The main server 40 may acquire inference results based on completed deep learning inference from itself or other distributed servers, and store them (S760) or notify the user.

Referring to FIG. 20, when it is determined that distributed inference is necessary, the main server 40 may transmit the inference learning model table Ti to the first and second distributed servers 41 and 42 (S730).

The first and second distributed servers 41 and 42 may generate a learning model for inference using the inference learning model table Ti according to instructions from the main server 40.

Referring to FIG. 21, the network structure (neural network) of the schematic learning model may include an input layer L_I, hidden layers L1 to L_N, and an output layer L_O.

The input layer may receive inputs from the inference dataset.

The hidden layer is where computations occur. The hidden layer L1 to L_N may be composed of one or multiple layers. The circles represent individual nodes, and each layer may be a set of nodes. The starting point of an arrow may represent an output of one node, and the endpoint may represent an input of another node.

The output layer may have as many output nodes as the number of values to be classified, serving as the result values of deep learning.

Deep learning execution may encompass multiple tasks. In other words, deep learning execution may proceed step by step through multiple tasks. Each of these multiple tasks may have a unique number to distinguish it from other tasks. Similarly, each of the multiple layers to be described below may have a unique number to distinguish it from other layers.

Multiple tasks may encompass all tasks for performing a query function without being dependent on a single learning model. The query's function may be categorized into multiple detailed functions, and deep learning inference may be performed using multiple learning models. In this case, multiple tasks may include both the first task group of the first learning model and the second task group of the second learning model.

Referring to FIG. 21 and FIG. 22, operations performed at nodes of a specific layer among the multiple layers of the learning model may correspond to one task.

For example, first output values R1 of layer 1 L1 may become second input values of layer 2 L2. The first output values R1 may be processed in layer 2 L2 and output as second output values R2. The process of transforming the second input values R1 to the second output values R2 may be referred to as “task 2 T2”. The second output values may be referred to as a result value list 2 R2 of task 2 T2. A result value list may correspond to a task unique number and may have a unique number to distinguish it from other result value lists.

If there are N layers, there may be N tasks. The control unit 100, as shown on the right in FIG. 22, may store multiple result value lists R1 to R_N of multiple tasks T1 to T_N in an intermediate result value table T_R having a relational structure.

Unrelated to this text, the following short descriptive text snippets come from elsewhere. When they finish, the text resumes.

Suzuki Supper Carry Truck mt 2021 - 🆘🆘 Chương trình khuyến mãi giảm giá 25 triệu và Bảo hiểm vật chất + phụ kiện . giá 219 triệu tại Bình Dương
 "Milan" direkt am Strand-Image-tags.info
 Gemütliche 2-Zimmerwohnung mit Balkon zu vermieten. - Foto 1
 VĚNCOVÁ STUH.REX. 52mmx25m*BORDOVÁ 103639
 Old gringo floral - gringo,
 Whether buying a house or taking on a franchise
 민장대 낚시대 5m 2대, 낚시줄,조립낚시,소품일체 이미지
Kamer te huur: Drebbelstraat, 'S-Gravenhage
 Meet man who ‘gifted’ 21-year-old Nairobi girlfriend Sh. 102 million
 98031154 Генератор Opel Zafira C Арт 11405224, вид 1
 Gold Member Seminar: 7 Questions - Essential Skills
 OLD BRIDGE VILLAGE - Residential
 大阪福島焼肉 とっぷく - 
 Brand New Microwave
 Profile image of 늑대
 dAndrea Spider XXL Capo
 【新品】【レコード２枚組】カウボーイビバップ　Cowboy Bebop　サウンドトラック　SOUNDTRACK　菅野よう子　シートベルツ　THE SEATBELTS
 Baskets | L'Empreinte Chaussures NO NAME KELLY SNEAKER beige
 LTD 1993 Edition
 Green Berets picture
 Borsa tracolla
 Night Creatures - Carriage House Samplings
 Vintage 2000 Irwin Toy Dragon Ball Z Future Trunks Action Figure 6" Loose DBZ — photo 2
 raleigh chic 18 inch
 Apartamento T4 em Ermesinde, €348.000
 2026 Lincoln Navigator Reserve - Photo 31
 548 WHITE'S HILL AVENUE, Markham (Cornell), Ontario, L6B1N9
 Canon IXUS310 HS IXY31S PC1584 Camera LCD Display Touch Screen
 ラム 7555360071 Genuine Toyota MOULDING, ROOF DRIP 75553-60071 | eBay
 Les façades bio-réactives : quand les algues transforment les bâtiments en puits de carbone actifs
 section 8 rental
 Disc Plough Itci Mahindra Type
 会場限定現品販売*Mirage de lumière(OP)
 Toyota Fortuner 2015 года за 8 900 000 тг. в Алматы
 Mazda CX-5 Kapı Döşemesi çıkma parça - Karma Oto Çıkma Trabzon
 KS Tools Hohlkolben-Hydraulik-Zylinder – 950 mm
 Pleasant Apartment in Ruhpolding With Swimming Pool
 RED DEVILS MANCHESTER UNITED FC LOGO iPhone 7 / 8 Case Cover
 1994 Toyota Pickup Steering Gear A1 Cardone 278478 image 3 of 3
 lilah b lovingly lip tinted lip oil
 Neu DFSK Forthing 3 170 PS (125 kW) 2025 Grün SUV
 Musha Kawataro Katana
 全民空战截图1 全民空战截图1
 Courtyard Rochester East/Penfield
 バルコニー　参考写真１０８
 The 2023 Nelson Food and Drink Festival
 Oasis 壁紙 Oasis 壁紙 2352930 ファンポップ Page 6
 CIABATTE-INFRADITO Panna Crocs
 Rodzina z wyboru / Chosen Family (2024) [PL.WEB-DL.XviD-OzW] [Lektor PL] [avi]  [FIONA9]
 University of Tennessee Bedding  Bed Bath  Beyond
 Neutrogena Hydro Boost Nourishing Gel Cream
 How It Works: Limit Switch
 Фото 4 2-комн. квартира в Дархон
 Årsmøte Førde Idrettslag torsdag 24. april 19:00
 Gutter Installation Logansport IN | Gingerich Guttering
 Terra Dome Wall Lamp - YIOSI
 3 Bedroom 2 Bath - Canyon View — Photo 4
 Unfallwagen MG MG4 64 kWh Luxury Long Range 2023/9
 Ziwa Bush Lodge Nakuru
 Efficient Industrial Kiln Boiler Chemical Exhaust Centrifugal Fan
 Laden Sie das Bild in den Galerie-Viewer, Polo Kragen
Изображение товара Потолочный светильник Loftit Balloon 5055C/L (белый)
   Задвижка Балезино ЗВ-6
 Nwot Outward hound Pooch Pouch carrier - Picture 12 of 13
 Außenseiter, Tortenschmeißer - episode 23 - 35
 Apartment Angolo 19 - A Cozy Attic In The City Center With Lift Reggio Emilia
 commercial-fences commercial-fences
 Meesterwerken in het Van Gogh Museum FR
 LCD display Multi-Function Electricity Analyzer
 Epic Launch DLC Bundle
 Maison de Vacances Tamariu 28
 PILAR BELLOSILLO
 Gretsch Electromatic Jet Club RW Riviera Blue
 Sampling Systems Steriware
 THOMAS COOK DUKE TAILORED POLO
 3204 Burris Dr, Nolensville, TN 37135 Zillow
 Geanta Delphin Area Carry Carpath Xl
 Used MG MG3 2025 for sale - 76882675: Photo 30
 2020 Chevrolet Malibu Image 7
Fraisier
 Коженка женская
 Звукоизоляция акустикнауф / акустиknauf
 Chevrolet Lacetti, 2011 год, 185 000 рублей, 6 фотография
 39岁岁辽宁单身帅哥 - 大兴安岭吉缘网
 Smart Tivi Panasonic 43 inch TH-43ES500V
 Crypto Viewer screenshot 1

Referring to FIG. 23, the layers L_1 to L_N of the hidden layers may respectively correspond to rows H1 to H_N in a network table T_NW. Thus, unique numbers of layers, unique numbers of tasks, and row numbers may respectively correspond to one another. For example, layer 2 L2, task 2 T_2, and row number 2 H2 may correspond to one another.

The inference learning model table Ti may have a unique number to distinguish it from other learning model tables.

Referring to FIG. 20, the main server 40 may perform some tasks T1 to T5 on the main server 40 and distribute tasks T6 to T10 to be processed on the first distributed server 41. A second task may be task N T_N.

To this end, the main server 40 may perform some tasks T1 to T5 (S810) and transmit the unique number M_ID of the inference learning model table Ti, a result value list R5 of a third task T5, which is the task immediately preceding a first task T6, and a second row number H10 of the network table T_NW that corresponds to a unique number T10 of a second task to the first distributed server 41 (S812).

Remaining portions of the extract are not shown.